Литмир - Электронная Библиотека
A
A

И девушка смеялась, словно разговаривала о цветах. Валек стоял, слушал, и его чрезвычайно занимала поэтическая сторона этого щебетанья среди гробов. Линка посмотрела на него и вздохнула; очевидно, по природе она была болтлива, а продолжительное молчание делало этот разговор еще интереснее.

— А знаете, почему я вам обрадовалась? — спросила она.

— Потому что, не видя никого, соскучились от долгого молчания?

— О, нет! Но потому, что лицо ваше так напоминает мне мать, словно вы были ей братом.

Валек побледнел, но улыбнулся.

— А кто ж была ваша мать? — спросил он нетвердым голосом.

— Мать моя была очень хорошего и почтенного рода, — отвечала Линка, оборачиваясь к Валеку, — только несчастного. Она из семейства Лузинских.

Валек вздрогнул, но молчал, стараясь не показать и вида беспокойства.

— Из тех Лузинских, — продолжала Линка, — убогая хата которых стоит и теперь над плотиной, и из которых один — так говорят по крайней мере, я достоверно не знаю — убил кого-то в Турове.

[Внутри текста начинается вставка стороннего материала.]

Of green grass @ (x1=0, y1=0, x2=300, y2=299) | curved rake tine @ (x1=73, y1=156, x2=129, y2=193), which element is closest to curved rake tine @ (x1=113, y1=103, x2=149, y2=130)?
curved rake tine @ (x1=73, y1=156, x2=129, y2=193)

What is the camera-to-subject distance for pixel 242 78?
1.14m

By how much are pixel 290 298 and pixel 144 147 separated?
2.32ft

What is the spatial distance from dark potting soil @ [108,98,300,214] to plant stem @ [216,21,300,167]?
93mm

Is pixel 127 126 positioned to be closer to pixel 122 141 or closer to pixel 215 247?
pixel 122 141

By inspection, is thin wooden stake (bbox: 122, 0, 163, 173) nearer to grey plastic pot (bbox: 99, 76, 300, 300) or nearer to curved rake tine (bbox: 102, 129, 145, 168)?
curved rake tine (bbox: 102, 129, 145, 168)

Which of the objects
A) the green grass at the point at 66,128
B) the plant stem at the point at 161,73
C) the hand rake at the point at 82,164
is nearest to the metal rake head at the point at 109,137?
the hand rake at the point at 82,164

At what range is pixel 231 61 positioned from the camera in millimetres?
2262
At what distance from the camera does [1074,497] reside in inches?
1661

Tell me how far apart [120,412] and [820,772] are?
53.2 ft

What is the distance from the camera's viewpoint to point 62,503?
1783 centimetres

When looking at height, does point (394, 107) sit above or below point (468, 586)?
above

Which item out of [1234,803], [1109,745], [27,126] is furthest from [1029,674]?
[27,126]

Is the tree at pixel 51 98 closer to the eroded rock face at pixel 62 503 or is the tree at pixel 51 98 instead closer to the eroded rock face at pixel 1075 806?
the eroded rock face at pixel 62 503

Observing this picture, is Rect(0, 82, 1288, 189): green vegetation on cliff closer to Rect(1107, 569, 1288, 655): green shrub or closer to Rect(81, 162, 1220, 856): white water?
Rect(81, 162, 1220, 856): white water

Молодой человек опустил голову; ему стало холодно.

— Но как вы напоминаете мне мать!

Не оставалось Валеку сомнения, что дочь гробовщика была ему родственница. Мысль эта охладила и поразила его; но хорошенькие глазки девушки привлекали его; и вся эта история странно удовлетворяла болезненное воображение. Сама эта светло-русая Линка, со всей своей милой простотой и наивностью, не заняла бы его решительно, если б встретилась на улице с ведром воды. Но здесь все смахивало на балладу. Валеку казалось, что сама судьба набрасывает ему канву для великого произведения. Но для этого везде есть канва, только нет художников.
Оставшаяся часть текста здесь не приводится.